My grandmother distilled scripture and parceled out essential truths in her southern vernacular, in this case, Matthew 7:3-5. “Why do you look at the speck of sawdust in your brother’s eye and pay no attention to the plank in your own eye? How can you say to your brother, ‘Let me take the speck out of your eye,’ when all the time there is a plank in your own eye? You hypocrite, first take the plank out of your own eye, and then you will see clearly to remove the speck from your brother’s eye.” Granny’s version: “Clean around your own backdoor, Celeste.”
My grandparents lived on a farm. In front of the house, a small grass lawn was enclosed by a fence. Beyond the fence, dirt. Every morning my grandmother swept the dusty side yard with a homemade broom, straw bundled into a shaft and held together with wire. Even weeds had utility in her world. As she swept, she sang, usually an old hymn. Her repertoire was varied but the favorites dominated: “Abide With Me”. “In the Garden”, “His Eye Is on the Sparrow.” By my twelfth year, I towered over this tiny woman. She stood 4’11”, weighed 88 pounds soaking wet, and wore a size 3-1/2 shoe. But her love was huge.

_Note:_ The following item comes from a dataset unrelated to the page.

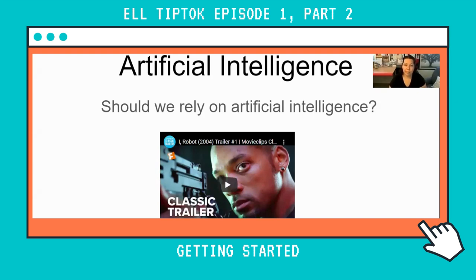So here's my PowerPoint. I'm showing my students and I want to hook them in by showing them a little video — a movie trailer of the movie iRobot. Jenny and I were talking a little bit about how this is a good thing, but also what else might we need to do to prepare our students for this lesson. What do you think, Jenny?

LIfe had challenged her. She buried a child - a toddler, my mother’s identical twin - and raised three more. Worked - without conveniences - to make a home. Picked cotton in the fields. The chicken she fried for Sunday lunch didn’t arrive wrapped in plastic. She chased the bird down and wrung its neck. Farm life and comfortable illusions rarely coincide. Especially the illusion of control. Her power lay only in her choices, her responses.

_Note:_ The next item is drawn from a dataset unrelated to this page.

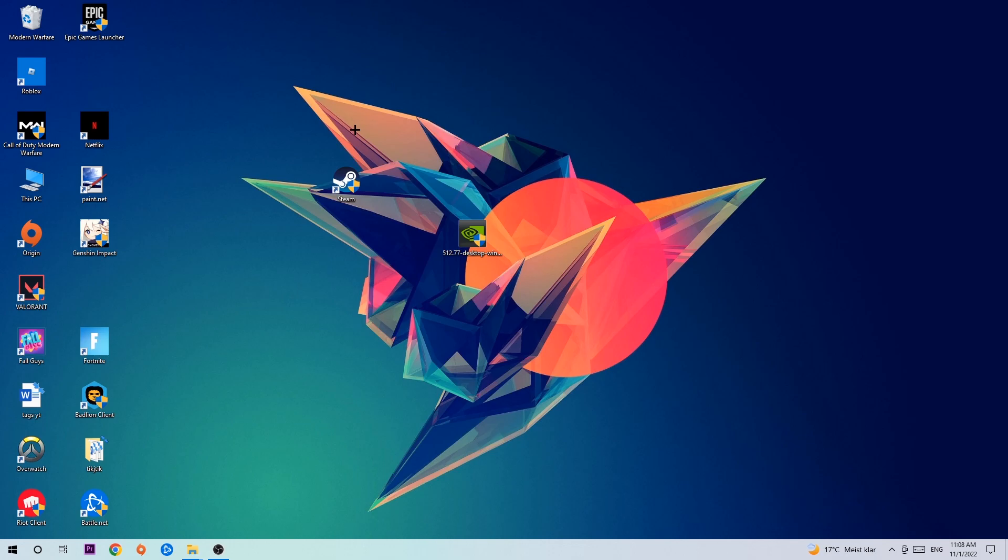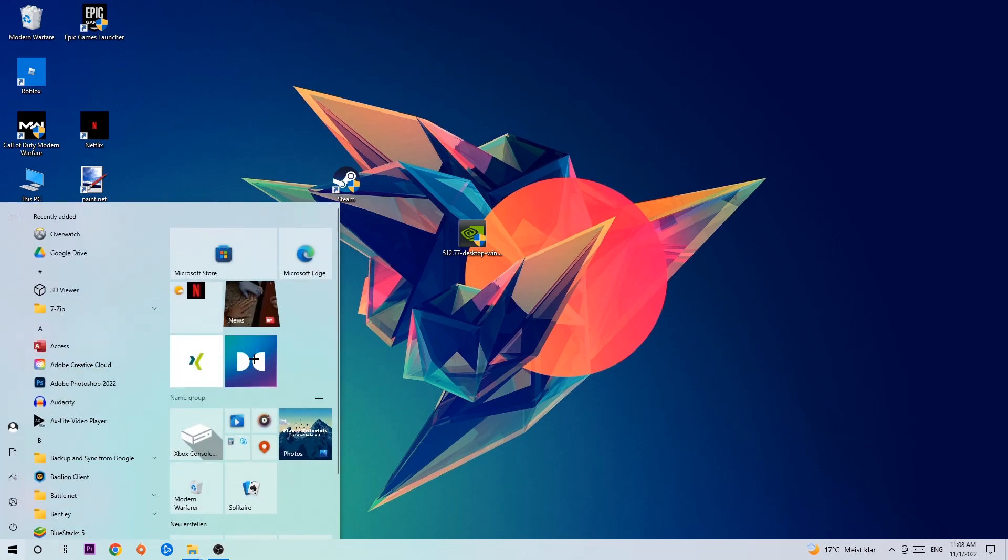Anyways, let's get started. The first step I would recommend for everybody is to navigate to the very bottom left corner of your screen where you're gonna right-click, or left-click I'm sorry, your Windows symbol.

The religion of the rural south in which she was raised was often harsh, a theology of retribution, not grace. This mirrored a culture shaped by the Civil War, Reconstruction and the Depression. During a conversation with a psychologist a few years ago, he said that he felt the singularly most significant event in our country’s history was the assassination of Abraham Lincoln. As he talked, I thought of that great but complex man. A man of sorrows indeed. Had he lived, the speaker continued, he would have been a healing force for this nation. “Before the Marshall Plan that followed WWII, Lincoln, I think, would have sought repatriation by reaching out.” None can know what Lincoln would have been able to achieve in the aftermath of the war. But the policies that followed were in contradiction to what he had espoused, both in words and action.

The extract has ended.